### DATA TO PROCESS ###

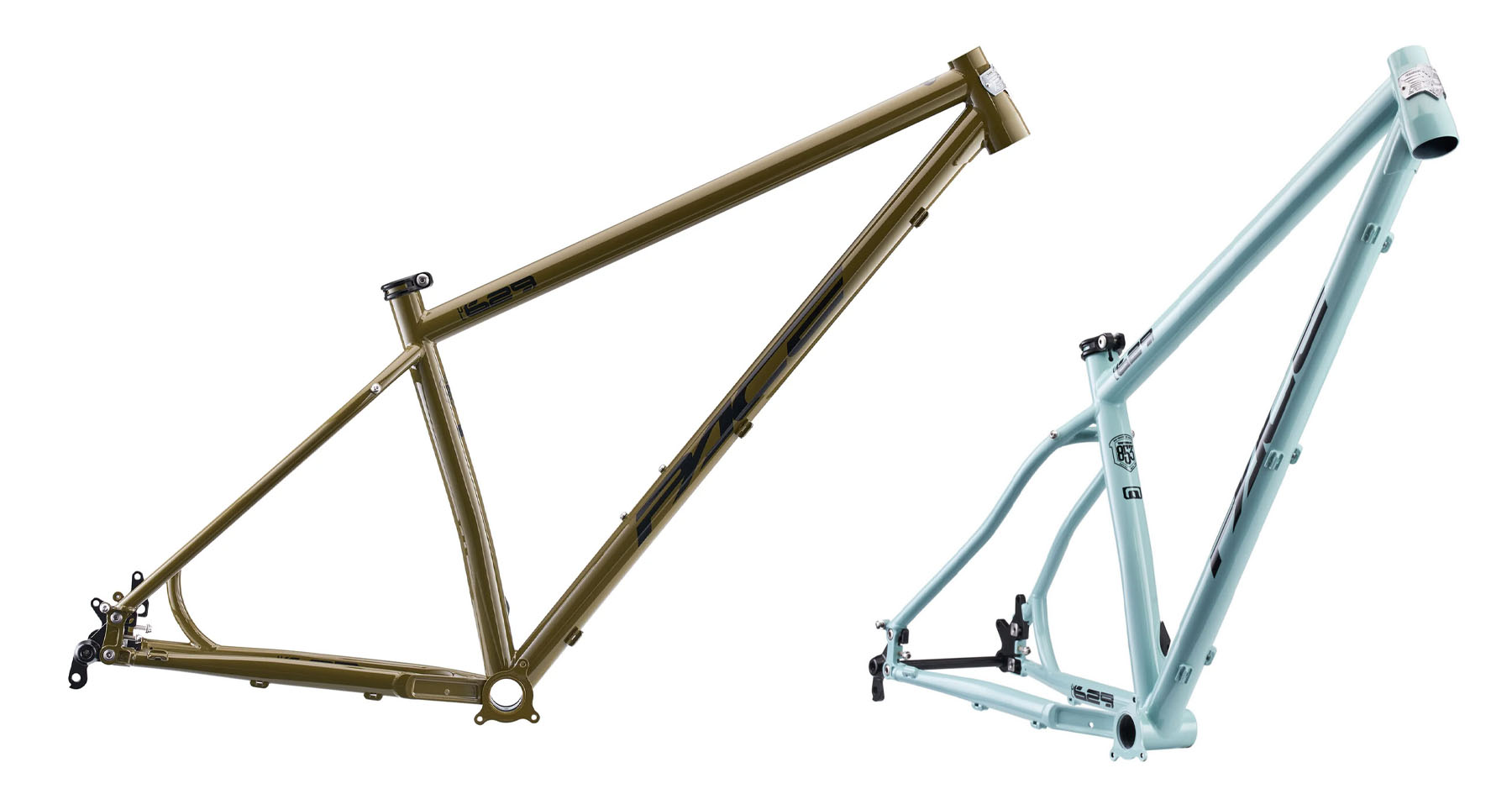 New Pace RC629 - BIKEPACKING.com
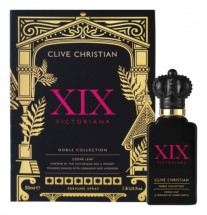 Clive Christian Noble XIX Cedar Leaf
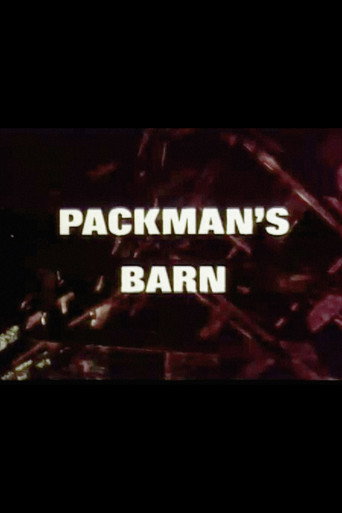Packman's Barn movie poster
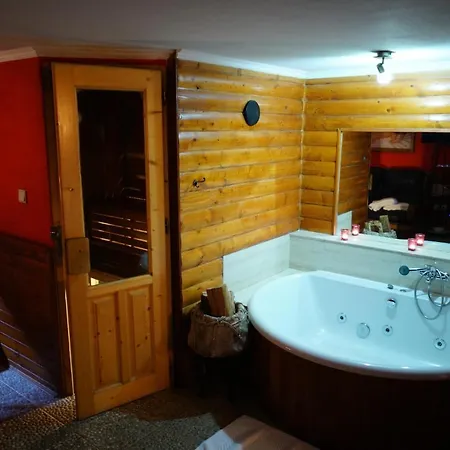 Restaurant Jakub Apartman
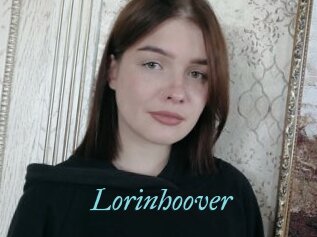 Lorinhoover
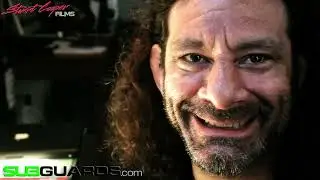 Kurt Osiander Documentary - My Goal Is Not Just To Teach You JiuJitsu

###

[EXERCISE INSTRUCTIONS]
Without the pictures, transcribe the lines from the one containing "Packman's Barn movie poster" through the end of the data, exactly and only those.

[OUTPUT OF THE EXERCISE]
Packman's Barn movie poster
 Restaurant Jakub Apartman
 Lorinhoover
 Kurt Osiander Documentary - My Goal Is Not Just To Teach You JiuJitsu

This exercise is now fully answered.